A determinare quale tasso d’interesse debba essere applicato è il Decreto Legislativo n. 231/2002, che lo fissato al tasso di riferimento della Banca Centrale Europea maggiorato di otto punti percentuali. È possibile applicare il tasso legale laddove questo risulti essere più favorevole al creditore.
Altra importante voce da tenere a mente, in caso di ritardo nel pagamento del Tfr, è la sua rivalutazione monetaria: in questo caso è necessario seguire i parametri Istat (a definire nello specifico quali modalità debbano essere adottate è l’articolo 2120 del Codice Civile). In questo caso vengono applicati gli indici dei prezzi al consumo per le famiglie di operai e impiegati. La rivalutazione scatta in modo automatico e si va a cumulare con gli interessi di mora: siamo davanti ad un doppio meccanismo che serve a proteggere il valore e il potere d’acquisto del credito.
In quale modo è possibile recuperare il Tfr
Il legislatore ha messo a disposizione dei lavoratori diversi strumenti per recuperare il Tfr che non è stato pagato. La prima strada da percorrere è quella della diffida formale al datore di lavoro: non serve per metterlo in mora, ma è utile per sollecitare il pagamento. E, soprattutto, permette di creare una prova che l’azienda è in difetto.

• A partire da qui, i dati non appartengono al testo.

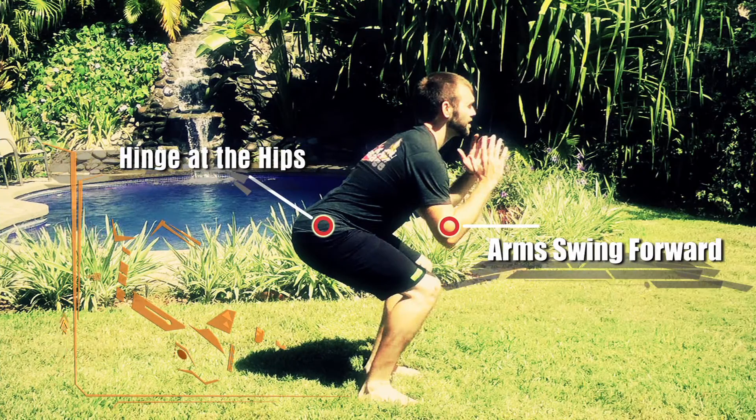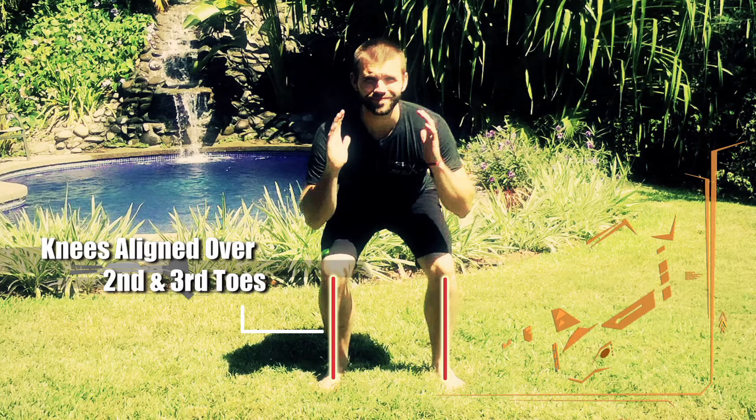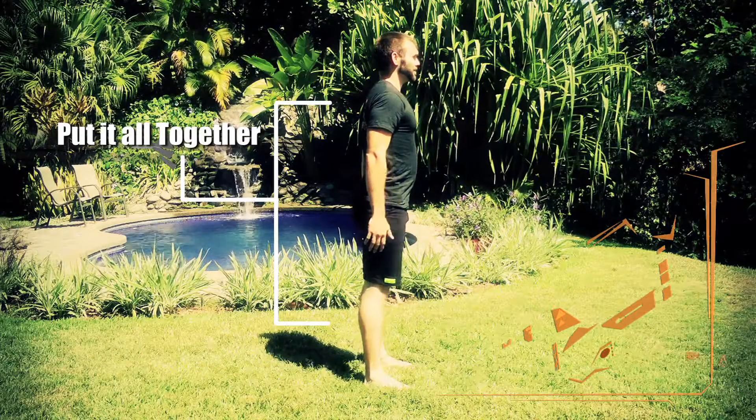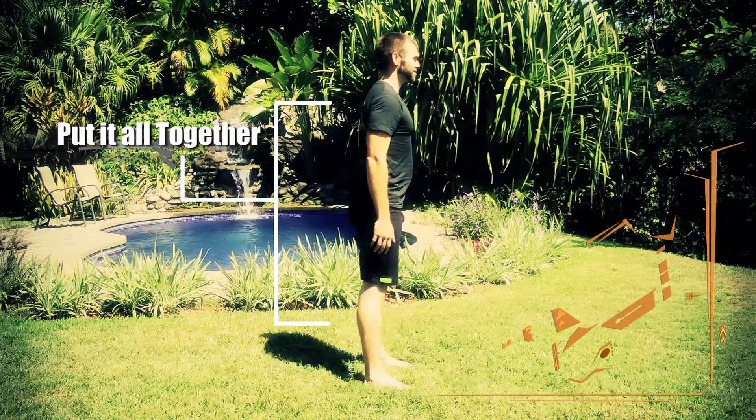Allow your arms to swing forward while keeping your knees directly over your second and third toe as you descend to 90 degrees. Then squeeze your glute muscles, push through your heels and return to the starting position.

Se questo primo passo non fosse sufficiente per sbloccare la situazione, è possibile rivolgersi al Giudice del Lavoro: un decreto ingiuntivo è a tutti gli effetti uno strumento processuale particolarmente efficace per tentare di recuperare il credito in modo rapido.
Il trattamento di fine rapporto è un credito di natura retributiva: come tale beneficia della presunzione di liquidità ed esigibilità semplificare l’ottenimento del decreto.

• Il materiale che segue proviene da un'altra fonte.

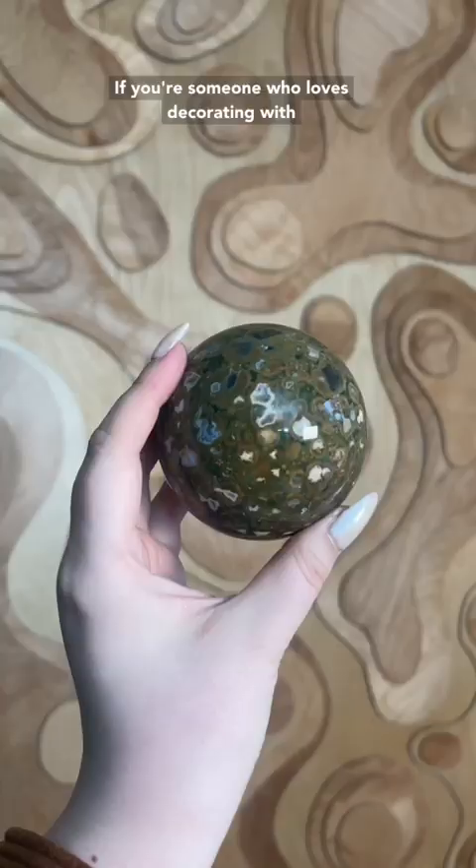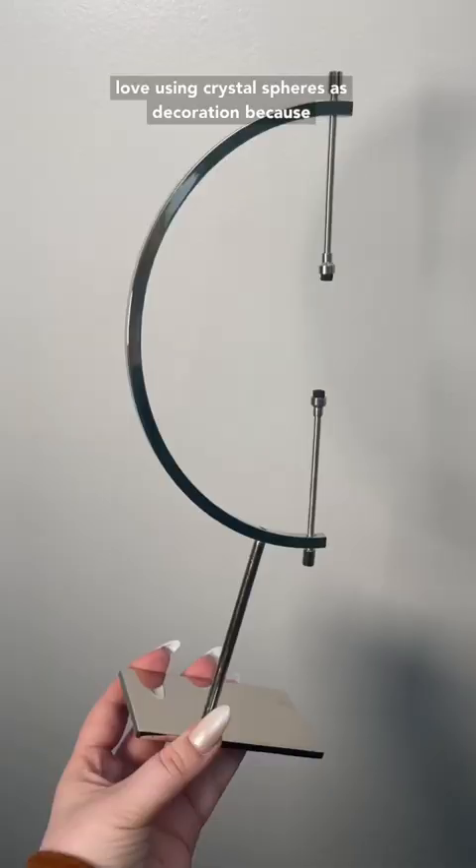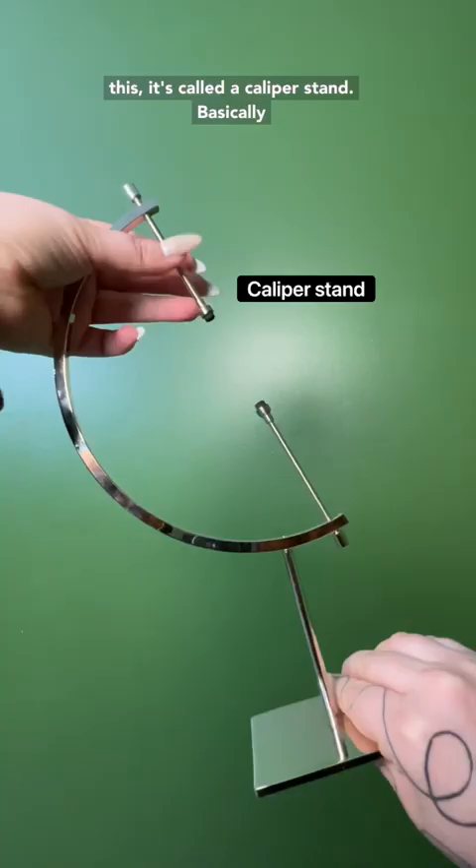If you're someone who loves decorating with crystals, I have an idea for you. I personally love using crystal spheres as decoration because they are so beautiful, and I recently discovered this — it's called a caliper stand.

Prima di intraprendere una qualsivoglia strada legale, ad ogni modo, è preferibile scegliere delle strade alternative, come può essere la mediazione. Questa soluzione permette di aprire un dialogo con il datore di lavoro in un ambiente neutrale: l’obiettivo è quello di trovare un accordo che possa essere soddisfacente per entrambi.
È bene sottolineare, ad ogni modo, che il Tfr continua a mantenere il proprio carattere di credito privilegiato – a prevederlo è l’articolo 2751-bis del Codice Civile -: nel caso in cui l’impresa dovesse essere in difficoltà o ci fossero delle procedure concorsuali, il lavoratore ha diritto di prelazione sugli altri creditori, almeno fino a determinati importi che sono previsti dalla legge.
Come viene gestito il Tfr nel settore pubblico
Il trattamento di fine rapporto nel settore pubblico cambia nome: si chiama Tfs, ossia Trattamento di Fine Servizio e ha delle specificità di erogazione diverse rispetto a quelle previste nel settore privato.
Le ultime (in ordine cronologico) disposizioni dell’Inps a riguardo sono state aggiornate il 27 marzo 2023 e hanno definito in modo preciso quali siano i tempi di erogazione del trattamento, che cambiano a seconda dei motivi per i quali il rapporto di lavoro è cessato:
- deve essere erogato entro 105 giorni nel caso in cui la cessazione sia avvenuta per inabilità o decesso;
- deve essere erogato entro 12 mesi nel caso in cui la cessazione sia avvenuta per raggiungimento del limite di età;
- entro 24 mesi per tutte le altre cause di cessazione.
Il pagamento viene considerato in ritardo quando si superano i tre mesi dalla termine entro il quale deve essere erogato: a questo punto si applicano gli interessi di mora.
L’Inps, attraverso il messaggio 3550 del 10 ottobre 2023 ha spiegato che è possibile recuperare quanto spetta – compresi gli interessi di mora – attraverso un’azione di rivalsa . per gli interessi di mora entro il termine di prescrizione di dieci anni. Il recupero di questi crediti avviene nel primo o nel secondo semestre dell’anno – indipendentemente dal credito che è stato cumulato – purché sia superiore a 12 euro.